Enfin, les écosystèmes naturels étant extrêmement complexes, l’appréciation des risques comporte une marge d’erreur, certains impacts pouvant même découler de facteurs extérieurs au projet (exemple : la suppression d’un corridor écologique peut interdire l’accès d’animaux sur un site sans que l’activité sur ce dernier n’en soit responsable). Ces difficultés conduisent à des préconisations à même de varier en fonction des prestataires.
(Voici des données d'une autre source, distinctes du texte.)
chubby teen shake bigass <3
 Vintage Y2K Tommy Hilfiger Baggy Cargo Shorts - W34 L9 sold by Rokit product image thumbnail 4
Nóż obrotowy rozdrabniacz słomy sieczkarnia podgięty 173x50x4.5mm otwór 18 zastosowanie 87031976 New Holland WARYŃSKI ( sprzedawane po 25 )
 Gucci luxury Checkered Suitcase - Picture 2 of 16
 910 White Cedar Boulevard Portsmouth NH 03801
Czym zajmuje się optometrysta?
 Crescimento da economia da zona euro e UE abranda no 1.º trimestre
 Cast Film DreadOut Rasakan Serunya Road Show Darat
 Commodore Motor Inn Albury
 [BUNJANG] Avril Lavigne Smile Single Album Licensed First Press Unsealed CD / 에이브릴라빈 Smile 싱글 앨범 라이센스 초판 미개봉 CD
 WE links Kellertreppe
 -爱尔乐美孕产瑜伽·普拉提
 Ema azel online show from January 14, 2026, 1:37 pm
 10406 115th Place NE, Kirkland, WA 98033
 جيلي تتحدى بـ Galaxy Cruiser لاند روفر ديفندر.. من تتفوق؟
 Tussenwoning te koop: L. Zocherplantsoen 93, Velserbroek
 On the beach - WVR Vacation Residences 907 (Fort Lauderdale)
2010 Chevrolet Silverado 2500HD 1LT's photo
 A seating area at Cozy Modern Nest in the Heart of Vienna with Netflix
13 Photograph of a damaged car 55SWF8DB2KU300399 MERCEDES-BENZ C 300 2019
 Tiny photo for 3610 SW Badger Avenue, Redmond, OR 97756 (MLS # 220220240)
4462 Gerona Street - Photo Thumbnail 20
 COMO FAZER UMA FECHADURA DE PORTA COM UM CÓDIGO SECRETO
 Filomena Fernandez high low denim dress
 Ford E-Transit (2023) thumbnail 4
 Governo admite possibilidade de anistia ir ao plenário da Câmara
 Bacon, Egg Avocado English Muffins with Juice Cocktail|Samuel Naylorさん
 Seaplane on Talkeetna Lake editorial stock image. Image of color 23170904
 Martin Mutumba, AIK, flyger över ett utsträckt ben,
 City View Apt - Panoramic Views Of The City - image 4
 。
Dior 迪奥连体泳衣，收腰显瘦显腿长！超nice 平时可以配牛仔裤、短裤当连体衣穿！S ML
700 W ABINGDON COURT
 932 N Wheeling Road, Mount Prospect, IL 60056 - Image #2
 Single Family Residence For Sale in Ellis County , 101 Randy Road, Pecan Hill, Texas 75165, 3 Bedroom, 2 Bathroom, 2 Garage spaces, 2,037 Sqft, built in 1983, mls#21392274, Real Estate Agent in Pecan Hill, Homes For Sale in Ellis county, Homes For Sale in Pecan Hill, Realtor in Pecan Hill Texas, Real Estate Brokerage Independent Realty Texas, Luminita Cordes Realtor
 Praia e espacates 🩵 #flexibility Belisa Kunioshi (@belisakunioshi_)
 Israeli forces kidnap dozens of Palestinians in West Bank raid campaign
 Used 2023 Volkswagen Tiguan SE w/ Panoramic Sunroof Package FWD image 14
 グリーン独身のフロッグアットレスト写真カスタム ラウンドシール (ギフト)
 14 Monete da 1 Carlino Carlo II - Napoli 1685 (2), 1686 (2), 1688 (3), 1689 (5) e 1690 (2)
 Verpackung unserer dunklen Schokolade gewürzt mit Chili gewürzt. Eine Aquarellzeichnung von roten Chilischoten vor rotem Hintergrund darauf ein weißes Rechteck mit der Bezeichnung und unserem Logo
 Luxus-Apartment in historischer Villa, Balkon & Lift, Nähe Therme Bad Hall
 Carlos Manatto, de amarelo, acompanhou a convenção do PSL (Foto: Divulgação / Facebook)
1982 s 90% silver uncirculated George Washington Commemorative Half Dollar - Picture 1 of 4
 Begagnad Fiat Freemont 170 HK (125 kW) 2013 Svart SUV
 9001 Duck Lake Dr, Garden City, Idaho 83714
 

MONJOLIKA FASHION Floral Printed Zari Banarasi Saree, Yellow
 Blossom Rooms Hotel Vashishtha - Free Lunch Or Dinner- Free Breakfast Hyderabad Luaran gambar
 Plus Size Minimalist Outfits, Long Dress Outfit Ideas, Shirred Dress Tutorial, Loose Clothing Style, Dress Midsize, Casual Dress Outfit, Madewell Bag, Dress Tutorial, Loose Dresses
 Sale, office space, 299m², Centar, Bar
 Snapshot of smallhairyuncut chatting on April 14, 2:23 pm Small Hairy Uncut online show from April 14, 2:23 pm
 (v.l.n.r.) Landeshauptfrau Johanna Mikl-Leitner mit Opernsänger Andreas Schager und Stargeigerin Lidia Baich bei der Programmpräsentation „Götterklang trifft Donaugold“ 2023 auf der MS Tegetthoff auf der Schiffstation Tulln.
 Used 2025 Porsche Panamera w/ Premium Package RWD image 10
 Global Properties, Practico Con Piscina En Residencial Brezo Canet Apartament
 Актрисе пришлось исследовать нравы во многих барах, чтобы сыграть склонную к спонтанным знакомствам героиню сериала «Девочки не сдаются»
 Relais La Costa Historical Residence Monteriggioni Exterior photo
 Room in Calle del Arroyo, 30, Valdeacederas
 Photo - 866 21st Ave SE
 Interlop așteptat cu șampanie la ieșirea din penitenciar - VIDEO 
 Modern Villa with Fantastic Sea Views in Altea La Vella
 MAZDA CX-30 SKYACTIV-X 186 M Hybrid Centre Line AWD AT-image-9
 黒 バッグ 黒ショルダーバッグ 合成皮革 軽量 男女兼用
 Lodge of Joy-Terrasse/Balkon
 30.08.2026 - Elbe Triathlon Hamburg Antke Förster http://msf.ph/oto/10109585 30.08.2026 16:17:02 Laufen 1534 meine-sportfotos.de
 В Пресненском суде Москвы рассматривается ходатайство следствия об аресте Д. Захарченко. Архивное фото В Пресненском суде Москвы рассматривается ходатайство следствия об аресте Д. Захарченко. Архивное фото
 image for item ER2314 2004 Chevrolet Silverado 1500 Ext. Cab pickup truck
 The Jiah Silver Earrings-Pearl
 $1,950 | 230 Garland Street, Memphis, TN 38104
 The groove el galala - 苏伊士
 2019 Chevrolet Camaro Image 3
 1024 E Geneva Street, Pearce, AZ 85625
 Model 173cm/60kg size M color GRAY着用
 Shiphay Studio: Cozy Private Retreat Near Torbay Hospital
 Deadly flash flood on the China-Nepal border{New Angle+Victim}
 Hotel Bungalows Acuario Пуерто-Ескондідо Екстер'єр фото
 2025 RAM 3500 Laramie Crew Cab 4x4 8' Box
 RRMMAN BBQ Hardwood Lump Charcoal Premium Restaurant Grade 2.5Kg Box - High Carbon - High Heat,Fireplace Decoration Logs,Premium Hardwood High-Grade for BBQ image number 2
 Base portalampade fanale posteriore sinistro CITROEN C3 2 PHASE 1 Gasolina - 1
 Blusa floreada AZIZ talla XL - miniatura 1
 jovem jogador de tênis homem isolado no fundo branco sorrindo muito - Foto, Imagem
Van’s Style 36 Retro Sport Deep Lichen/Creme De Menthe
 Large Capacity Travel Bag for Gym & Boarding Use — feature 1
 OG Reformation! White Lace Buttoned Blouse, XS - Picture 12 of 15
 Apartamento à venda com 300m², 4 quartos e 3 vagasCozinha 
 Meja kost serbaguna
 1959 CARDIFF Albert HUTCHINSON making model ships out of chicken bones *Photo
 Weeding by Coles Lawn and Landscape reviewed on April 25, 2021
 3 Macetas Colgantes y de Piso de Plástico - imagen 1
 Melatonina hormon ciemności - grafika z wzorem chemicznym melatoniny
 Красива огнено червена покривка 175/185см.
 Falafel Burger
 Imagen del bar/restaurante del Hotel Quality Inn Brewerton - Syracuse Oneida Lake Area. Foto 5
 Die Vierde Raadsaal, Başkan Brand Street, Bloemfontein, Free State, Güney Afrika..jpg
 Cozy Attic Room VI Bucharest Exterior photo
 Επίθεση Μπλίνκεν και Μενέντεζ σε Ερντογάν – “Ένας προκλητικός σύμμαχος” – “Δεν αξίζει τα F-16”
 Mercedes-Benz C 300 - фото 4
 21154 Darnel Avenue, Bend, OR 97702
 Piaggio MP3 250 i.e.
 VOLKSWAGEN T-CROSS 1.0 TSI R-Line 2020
Une étude d’impact peut donc permettre d’anticiper et évacuer certains risques mais elle n’offre pas la garantie de l’élimination de tout risque.
Une mise en œuvre des mesures qui conditionne leur efficacité
Une fois les mesures préconisées, il faut les mettre en œuvre, avec une facilité et une qualité d’exécution qui, à nouveau, sont susceptibles de varier. Ainsi, une recommandation qui consiste à déplacer des espèces n’a pas l’assurance du succès de l’opération, malgré le respect de la mesure.
Cela soulève donc la question de la bonne exécution des préconisations et la responsabilité en cas d’échec ou de réussite partielle.
Évaluer le préjudice : l’inquiétude de l’entreprise… et son assureur
Les contraintes inhérentes aux études d’impact font de la survenue de dommages un risque réel. Or, l’incertitude de l’élimination de tous les risques et du montant de l’indemnisation en cas de réalisation d’un dommage conduit les entreprises exposées à vouloir s’assurer contre ce type de risques. Les assureurs vont donc devoir intégrer le préjudice écologique tel que défini réglementairement dans leurs garanties et en définir les modalités.
Mais quels critères retenir pour constater un dommage et sur la base de quel référentiel l’évaluer (qu’est-ce qu’un dommage « grave et durable ») ? Si en théorie le responsable du dommage doit l’assumer, comment en pratique apprécier la part de responsabilité du prestataire et/ou du prescripteur ? Les préconisations d’une étude d’impact étaient-elles adaptées ? Leur exécution a-t-elle été bien réalisée ? Comment évaluer le préjudice subi, certains dommages à la nature pouvant avoir des effets de long terme très difficiles à mesurer ?
Malgré ces questionnements, il reste qu’intégrer la notion de préjudice écologique est un symbole fort envoyé à l’adresse des pollueurs potentiels. Prochaine étape le 15 mars, où le projet de loi sera débattu en deuxième lecture à l’Assemblée.